Bestselling author James Patterson is off trying to do good in the world again, and this time he's looking to take on childhood literacy problems! In a new essay for Publishers Weekly, James Patterson asks readers for suggestions how to #GetKidsReading, and stresses just how important kids' reading skills are, even at a very young age. It's an important cause, and the more attention it gets the better.
In his essay, Paterson goes over some important about children's reading ability, including the fact that kids who aren't reading at grade level by 3rd grade are six times more likely to drop out of high school — as well as the many challenges associated with not having a high school diploma, including increased chances of incarceration. Perhaps unsurprisingly, Patterson points out, 85 percent of those in the juvenile court system are functionally illiterate, meaning they cannot read or write well enough to meet the needs of everyday life in America.
"I’m not saying that all kids who can’t read well are going to wind up in jail," Patterson explains. "I’m just trying to get across the fact that 6.6 million children are at increased risk of dropping out of high school and are facing preventable difficulties in life because they can’t read well. To me, this is unacceptable."
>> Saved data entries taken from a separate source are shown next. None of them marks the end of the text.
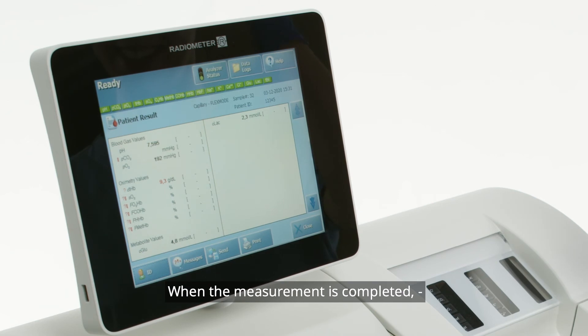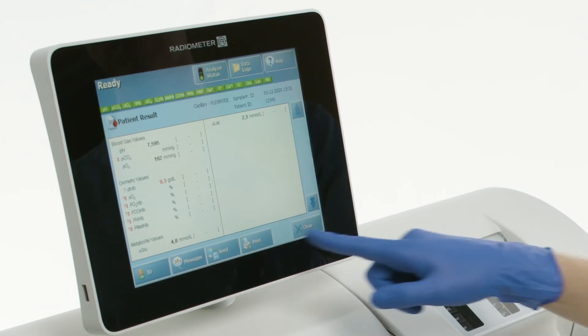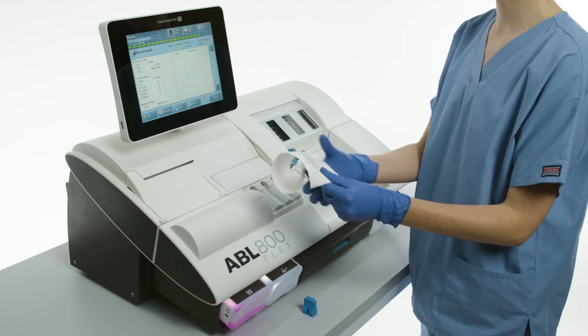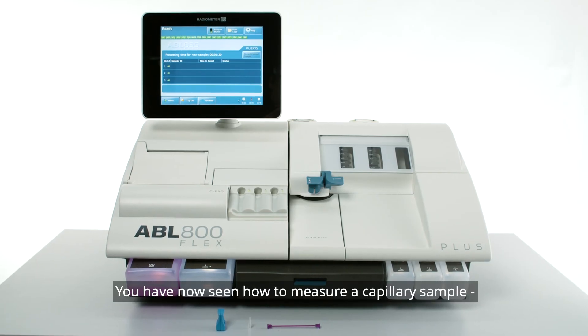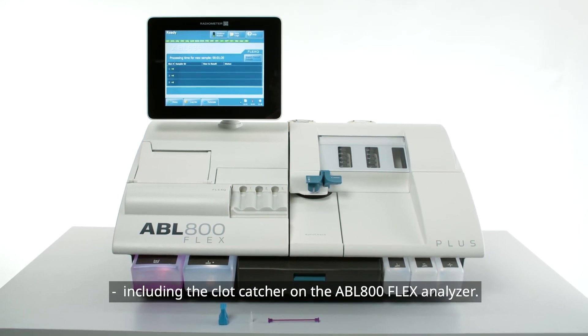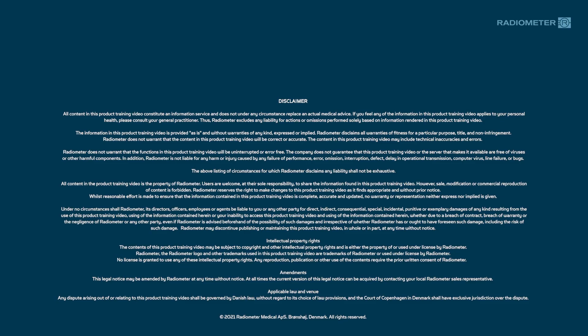When the measurement is completed, the patient results screen will appear automatically. You have now seen how to measure a capillary sample, including the clot catcher, on the ABL 800 flex analyzer.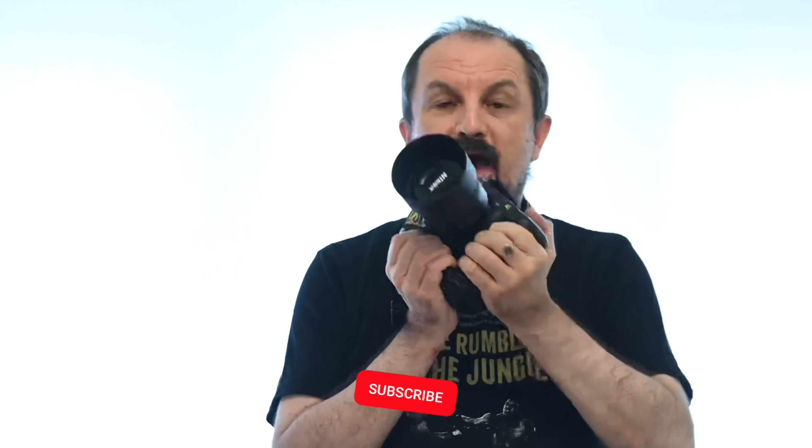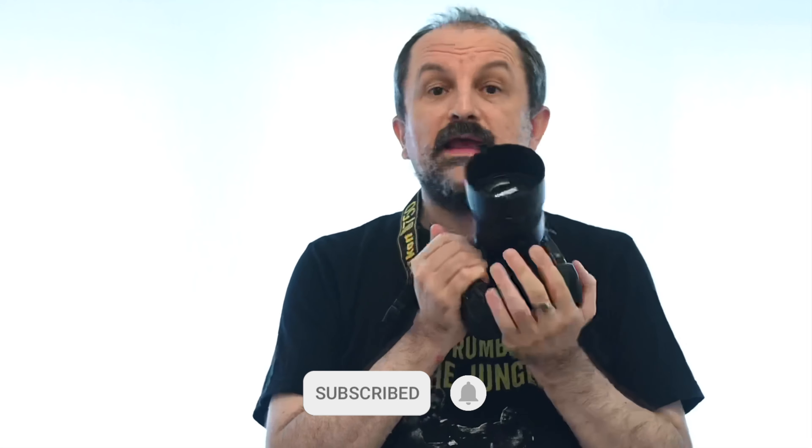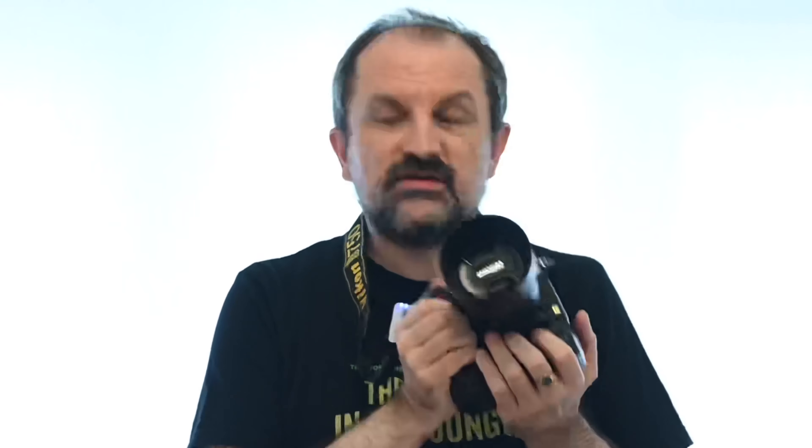Hello YouTubers! This video is all about the controls, menus and how to set up and use this camera, the Nikon D750 — in this case with the 85mm f1.8 G lens and with the battery grip as well. So let's do the introduction and then let's get into the main part of the video.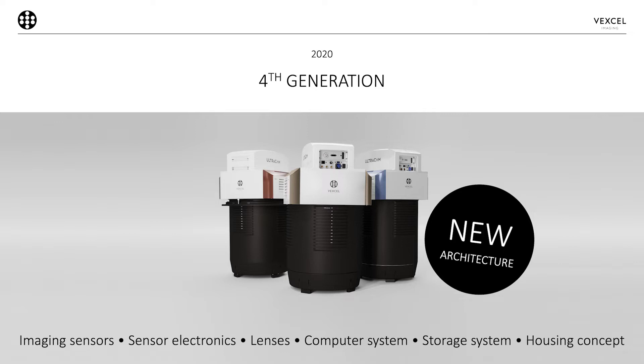In the fourth generation it's all about a new sensor, new electronics, new storage devices, a new housing concept, and new lenses. Literally everything changed again in the camera to make it the utmost and best camera system in the world.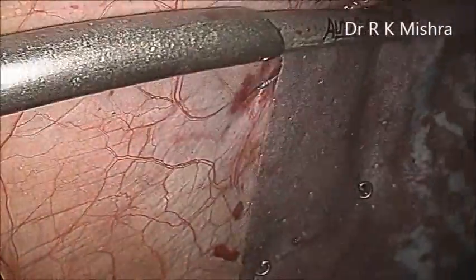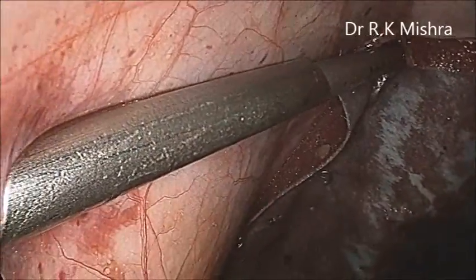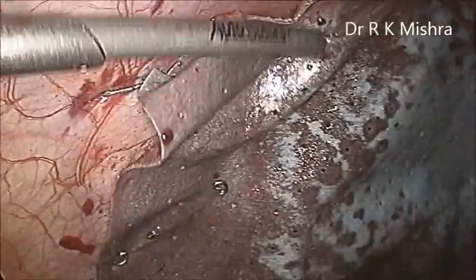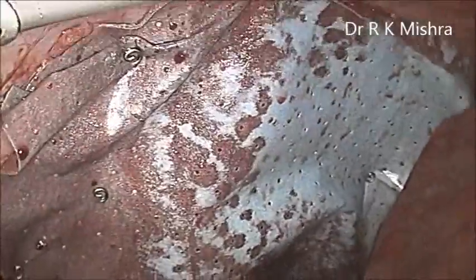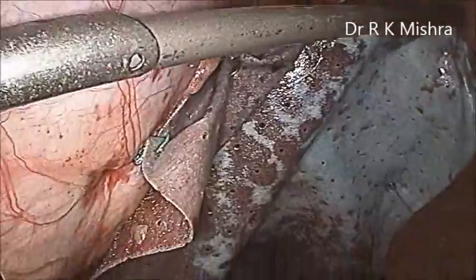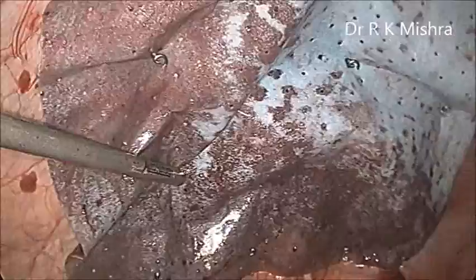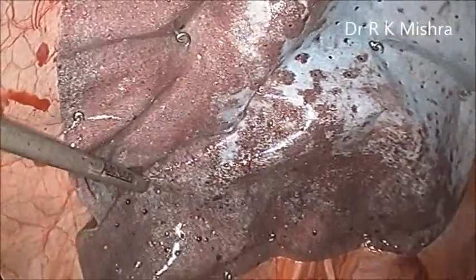This surgery was just done on the 18th of this month, September 2012. We will discharge the patient tomorrow. It is a very nice surgery without any problem. Actually, ventral hernia surgery in my opinion is one of the easiest surgeries to perform — especially by laparoscopy, and especially the onlay — it is child's play, it's a very easy procedure and you can perform it without any problem.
To try to combat this problem, Patterson is asking people for ideas big and small to at least put a dent in this massive problem. And it is massive. An estimated 40 percent of 4th graders in the U.S. never achieve basic levels of reading proficiency, and that rates are higher among low-income families and children of color.
So what can be done about it? Well, people have been using the #GetKidsReading hashtag Patterson launched to supply a few ideas of their own.
Also important to consider is the lack of diverse children's books currently available. As recently as 2013, more than 90 percent of children's books are about white people, despite the fact that children of color represent 46 of all people under the age of 18 in the U.S. today. It's easy to see why reading would fail to hold kids' interest if they don't see themselves reflected in their books. Diversity in children's literature is increasing, but the gains are still being made far too slowly. Increasing diversity in children's literature might go a long way towards making sure kids see reading as something's that's for them.
That James Patterson wants to help is admirable (and I'm a big fan of his many other contributions lately towards helping libraries and indie bookstores). This is a worthy cause, and the more kids we can help to get up to reading at grade level, the better, since reading can make such a huge difference in a child's life.
We, of course, still need to be thinking about the fact that the the ability to read should not be left up to external programs or the benevolence of charitable donors. Learning how to read is a basic right, and that so many schools don't have the resources to make sure every student has that is a problem that not even James Patterson can truly solve. We have lots of work to still do.